U’s no-parking policy rooted in ‘green space’

Kamariea Forcier

University students are more likely than other local college students to find tickets on their cars when parked in what they believe is a legal parking spot.
The University has a policy that forbids parking, “except in designated areas where posted.”
This means if students park on University property, they’d better make sure there’s a sign permitting it.
At the University of St. Thomas, students either pay for a parking permit or may park on side streets controlled by the St. Paul Police, said a safety and security monitor at the school. The same policy is in place at Hamline University, The College of St. Catherine and Macalester College.
Paul Tschida, assistant vice president for Safety and Health Management, said the University was concerned with the “aesthetics” of the campus when it made the blanket rule against parking.

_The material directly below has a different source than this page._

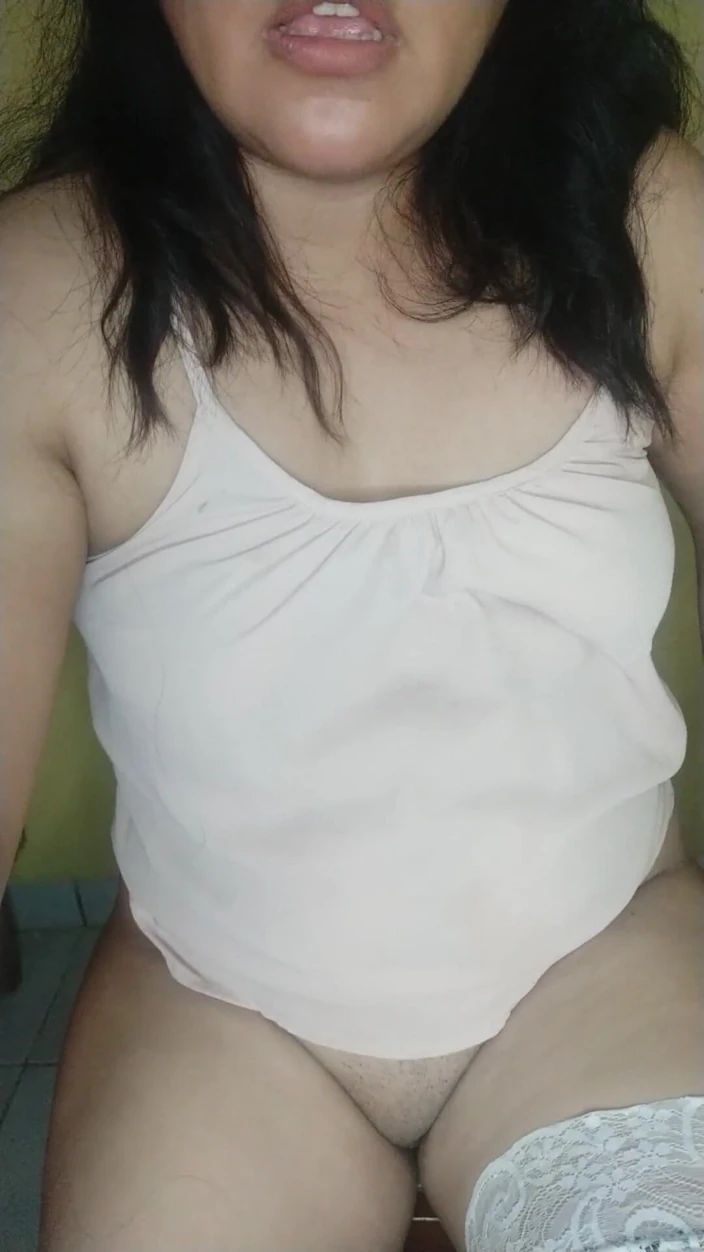 She Takes a Bath and Gets Very Slutty in the Shower Showing off Her Big Ass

“If you didn’t prohibit it, you’d have signs everywhere,” he said.
Tschida said there were signs announcing the rule on the St. Paul campus but not on the Minneapolis campuses.
“Ordinarily, it’s obvious. You can’t just pull up to any building and park there,” on the East Bank campus, he said.

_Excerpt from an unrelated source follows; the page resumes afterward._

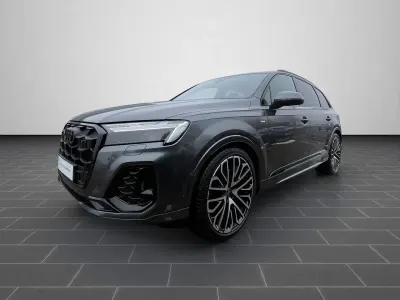 Neu Audi Q7 Advanced Plus 286 PS (210 kW) 2026 Daytonagrau perleffekt (metallic) SUV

The University’s Board of Regents decided in 1979 that there would be no free parking on the University campus. In 1992, a University task force was formed to assess the policy and focus on areas of improvement in Parking Services. Yet the University did nothing to post University areas as no-parking.
University Police Lieutenant Regan Metcalf said in an interview two weeks ago that the regents’ decision was considered part of a plan to promote “green space” on the University campus. Years ago, the regents recognized a need for fewer cars and more greenery, she said.

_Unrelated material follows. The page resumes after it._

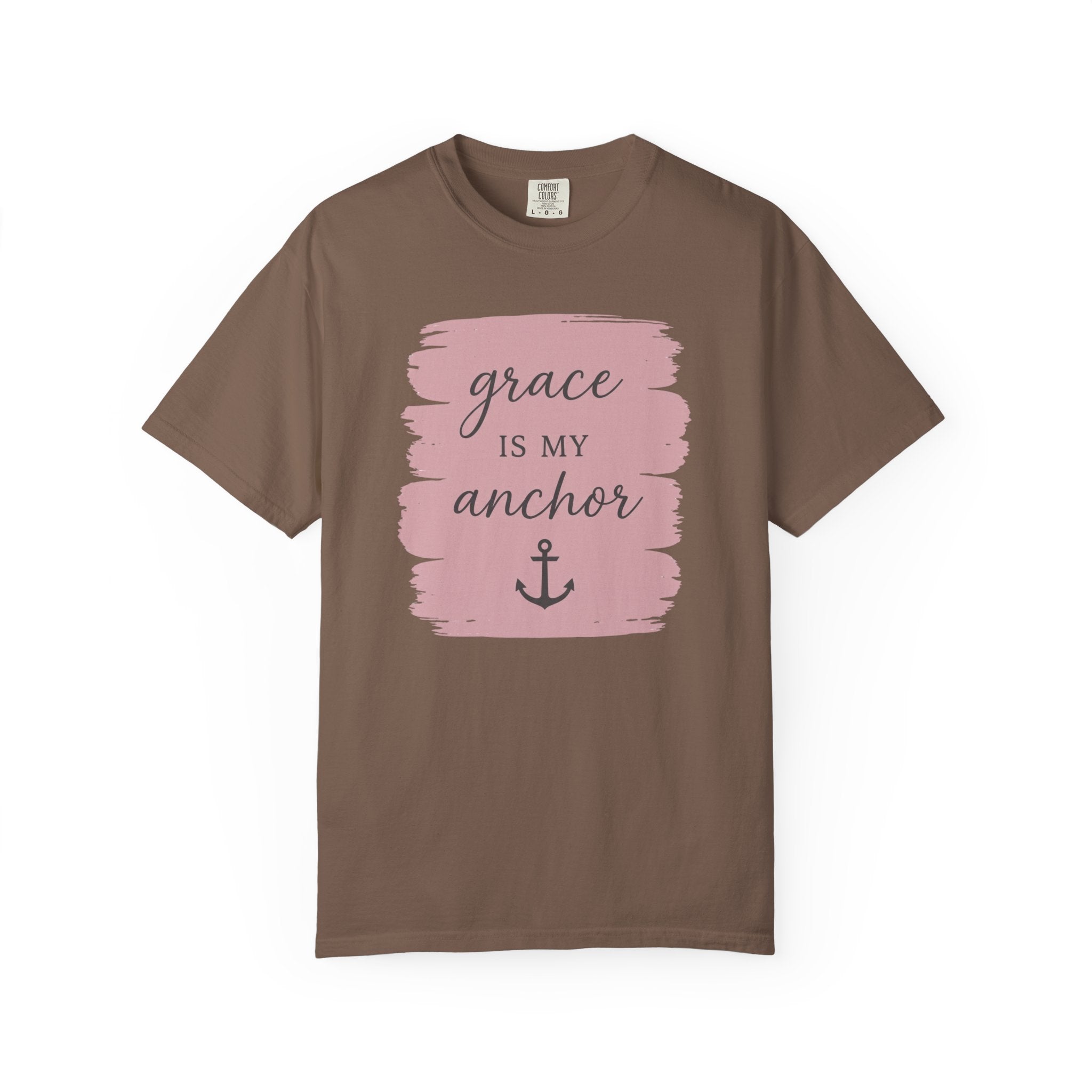 Grace Is My Anchor T‑Shirt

But the policy still leaves students confused as to where they can park.
Ryan Lieske, a health sciences student, said he has received three tickets in the last year.
Lieske, who parked in the contract lots after dark, said there are no signs forbidding after-dark parking though he has received tickets for leaving his car there.
“I always get caught staying places two minutes,” he said. “They always seem to get me.”
Sgt. Mike Listul of the University Police said he hears that excuse all the time.
“‘I was just going in for a minute,’ or ‘I forgot my permit,'” are common excuses given by those who find officers ticketing their cars, he said.